Department of Orthopaedic Surgery, National Taiwan University Hospital, Taipei, Taiwan; Department of Orthopaedic Surgery, National Taiwan University Hospital, Hsin-Chu Branch, Hsinchu, Taiwan; Department of Medical Education, National Taiwan University Hospital, Hsin-Chu Branch, Hsinchu, Taiwan.
Department of Orthopaedic Surgery, National Taiwan University Hospital, Taipei, Taiwan.
Radiother Oncol. 2022 Oct;175:159-166. doi: 10.1016/j.radonc.2022.08.029. Epub 2022 Sep 5.
Well-performing survival prediction models (SPMs) help patients and healthcare professionals to choose treatment aligning with prognosis. This retrospective study aims to investigate the prognostic impacts of laboratory data and to compare the performances of Metastases location, Elderly, Tumor primary, Sex, Sickness/comorbidity, and Site of radiotherapy (METSSS) model, New England Spinal Metastasis Score (NESMS), and Skeletal Oncology Research Group machine learning algorithm (SORG-MLA) for spinal metastases (SM).
From 2010 to 2018, patients who received radiotherapy (RT) for SM at a tertiary center were enrolled and the data were retrospectively collected. Multivariate logistic and Cox-proportional-hazard regression analyses were used to assess the association between laboratory values and survival. The area under receiver-operating characteristics curve (AUROC), calibration analysis, Brier score, and decision curve analysis were used to evaluate the performance of SPMs.
A total of 2786 patients were included for analysis. The 90-day and 1-year survival rates after RT were 70.4% and 35.7%, respectively. Higher albumin, hemoglobin, or lymphocyte count were associated with better survival, while higher alkaline phosphatase, white blood cell count, neutrophil count, neutrophil-to-lymphocyte ratio, platelet-to-lymphocyte ratio, or international normalized ratio were associated with poor prognosis. SORG-MLA has the best discrimination (AUROC 90-day, 0.78; 1-year 0.76), best calibrations, and the lowest Brier score (90-day 0.16; 1-year 0.18). The decision curve of SORG-MLA is above the other two competing models with threshold probabilities from 0.1 to 0.8.
Laboratory data are of prognostic significance in survival prediction after RT for SM. Machine learning-based model SORG-MLA outperforms statistical regression-based model METSSS model and NESMS in survival predictions.
表现良好的生存预测模型(SPM)有助于患者和医疗保健专业人员根据预后选择治疗方案。本回顾性研究旨在探讨实验室数据的预后影响,并比较转移部位、年龄、肿瘤原发部位、性别、疾病/合并症和放疗部位(METSSS)模型、新英格兰脊柱转移评分(NESMS)和骨骼肿瘤研究组机器学习算法(SORG-MLA)在脊柱转移瘤(SM)中的性能。
2010 年至 2018 年,在一家三级中心接受放疗(RT)治疗 SM 的患者被纳入并进行回顾性数据收集。多变量逻辑和 Cox 比例风险回归分析用于评估实验室值与生存之间的关联。

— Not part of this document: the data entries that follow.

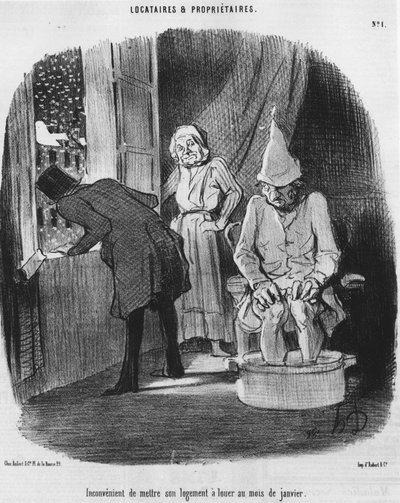 Inconvénient de mettre son logement en location en janvier, tiré de « Locataires et Propriétaires », série de caricatures par Honoré Daumier (1808-1879). « Charivari » - Honoré Daumier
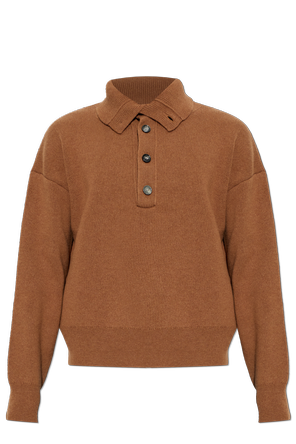 Wool turtleneck sweater with embroidered logo
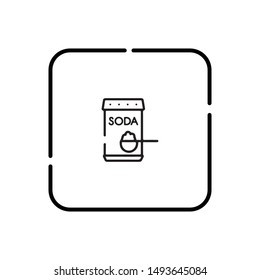 Outline baking soda vector icon. Isolated black simple line element illustration from cleaning concept. Editable vector stroke baking soda icon on white background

使用接收者操作特征曲线下面积(AUROC)、校准分析、Brier 评分和决策曲线分析来评估 SPM 的性能。
共纳入 2786 例患者进行分析。RT 后 90 天和 1 年的生存率分别为 70.4%和 35.7%。较高的白蛋白、血红蛋白或淋巴细胞计数与生存较好相关,而较高的碱性磷酸酶、白细胞计数、中性粒细胞计数、中性粒细胞与淋巴细胞比值、血小板与淋巴细胞比值或国际标准化比值与预后不良相关。SORG-MLA 具有最佳的区分度(90 天 AUROC 为 0.78,1 年 AUROC 为 0.76)、最佳的校准度和最低的 Brier 评分(90 天 0.16,1 年 0.18)。SORG-MLA 的决策曲线在阈值概率为 0.1 至 0.8 的情况下优于其他两种竞争模型。
实验室数据在 RT 治疗 SM 后生存预测中具有预后意义。基于机器学习的模型 SORG-MLA 在生存预测方面优于基于统计回归的模型 METSSS 模型和 NESMS。